Setelah perang dingin
(Cold War) berakhir, Cina menjadi sebuah fenomena yang eksotis dalam peta
hubungan internasional. Cina menjadi menarik perhatian Internasional, karena
negeri itu bersikukuh mempertahankan ideologi komunisme dan sistem partai
tunggal, sementara di bagian dunia lain banyak negara mulai mencampakkan
komunisme serta mengadopsi sistem multi partai dan demokrasi.
Seperti diketahui, setelah Michael Gorbachev mengibarkan
bendera glasmost dan perestoika , perang dingin Timur-Barat
yang berlangsung sejak tahun 1950-an, perlahan-lahan mulai melenyap satu demi
satu negara komunis Eropa Timur menanggalkan jubah komunisme dan mulai
mempraktekkan sistem politik dan ekonomi gaya Barat. Uni Soviet sendiri, yang
selama hampir setengah abad menjadi benteng sekaligus payung komunisme Eropa
Timur, menjadi berantakan diterpa gelombang disintegrasi.
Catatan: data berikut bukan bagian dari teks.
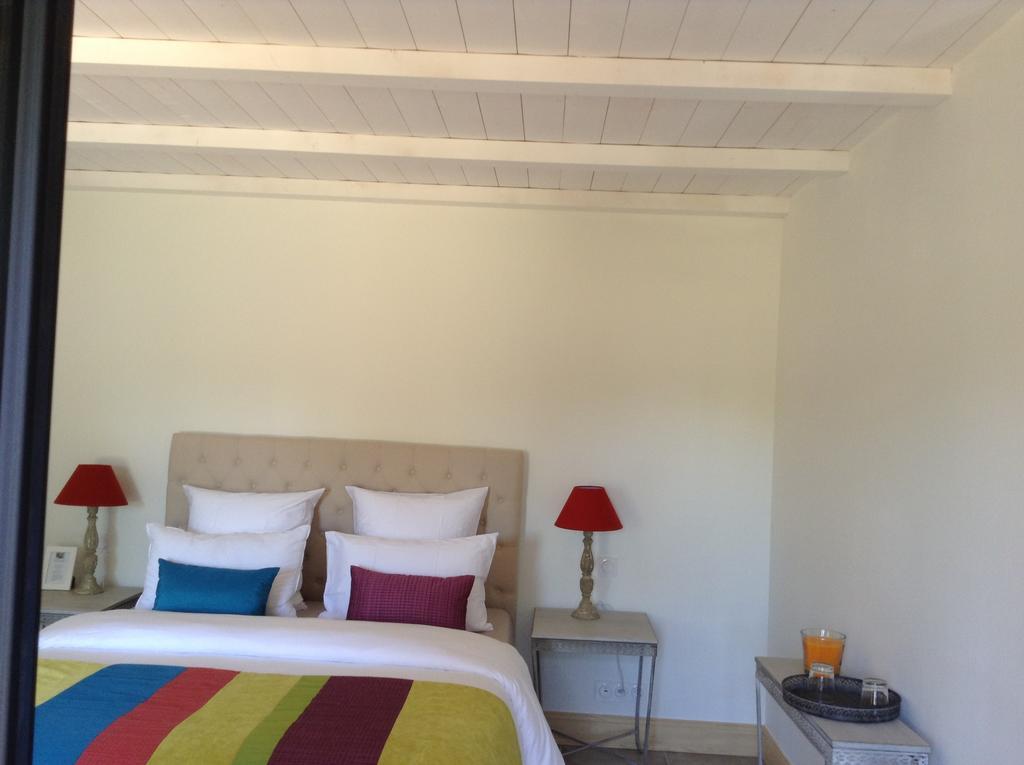 Bed and Breakfast La Grange D'Aunis Aigrefeuille-dʼAunis Habitación foto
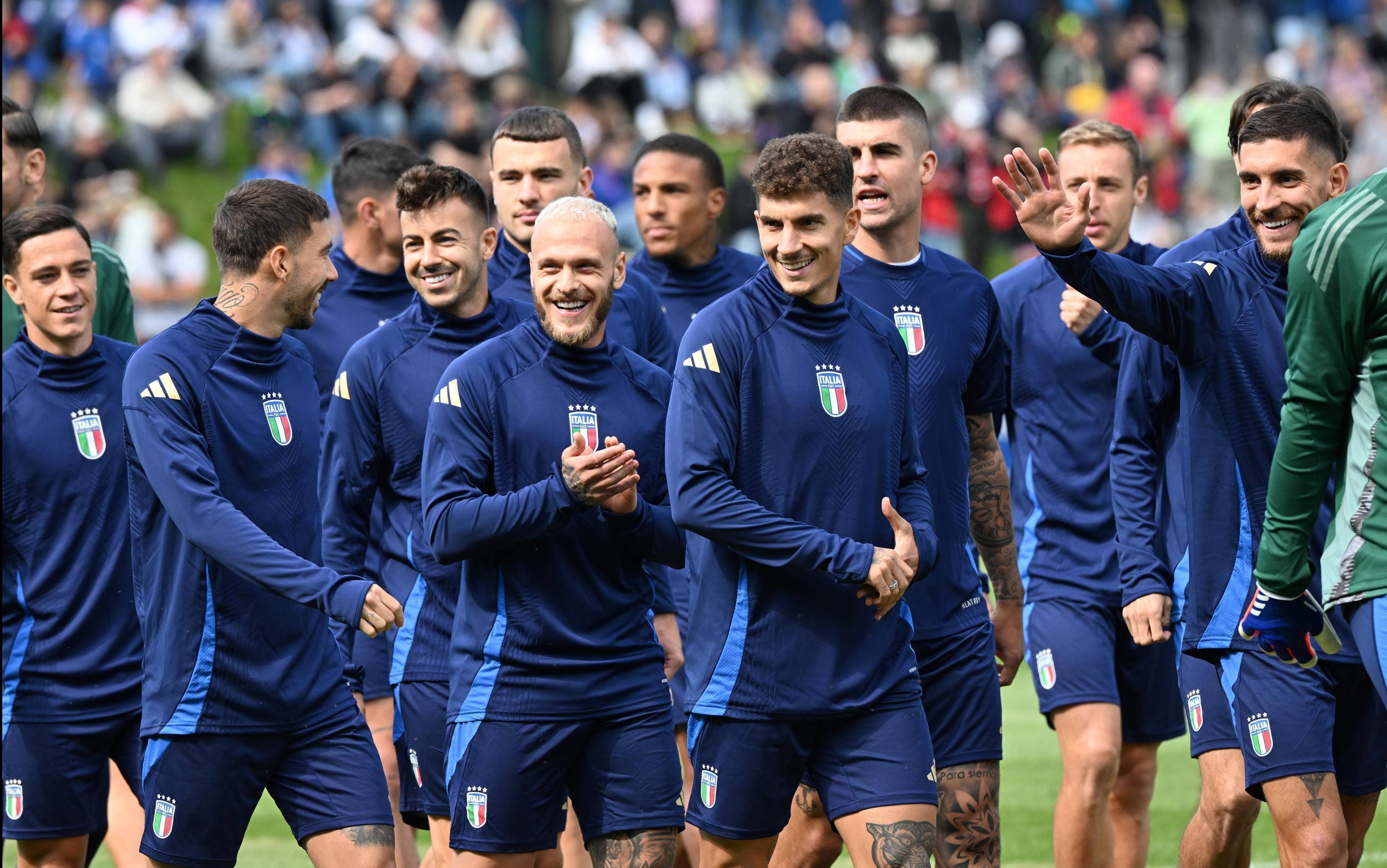 斯洛伐克队表现出色,晋级总决赛,争夺冠军 斯洛伐克队表现出色,晋级总决赛,争夺冠军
Rusia sebagai “pewaris
tahta” Uni Soviet dengan terang-terangan berkiblat ke Barat dalam mengelola
sistem politik dan ekonominya.
Hancurnya Uni Soviet dan terhempasnya dominasi partai
komunis di seluruh Eropa Timur menambahkan resonasi perubahan ke berbagai
belahan dunia. Di Amerika Tengah, pemerintah Sandinista yang berbau Marxis dan
pro Moskow, tumbang dalam suatu pemilu multi partai yang demokratis. Di Timur
Tengah, pemerintah Yaman Selatan yang juga boneka Moskow, membubarkan diri dan
negeri itu akhirnya bergabung dengan Yaman Utara. Di Asia Tenggara, rezim Hun
Sen yang didukung Soviet dan Vietnam juga kalah dalam pemilu multi partai. Sedangkan
di Afrika, rezim-rezim sosialis (dari yang bergaris keras sampai lunak) dijatuhkan oleh kekuatan
oposisi, bauk melalui kudeta bersenjata maupun lewat pemilu yang demokratis.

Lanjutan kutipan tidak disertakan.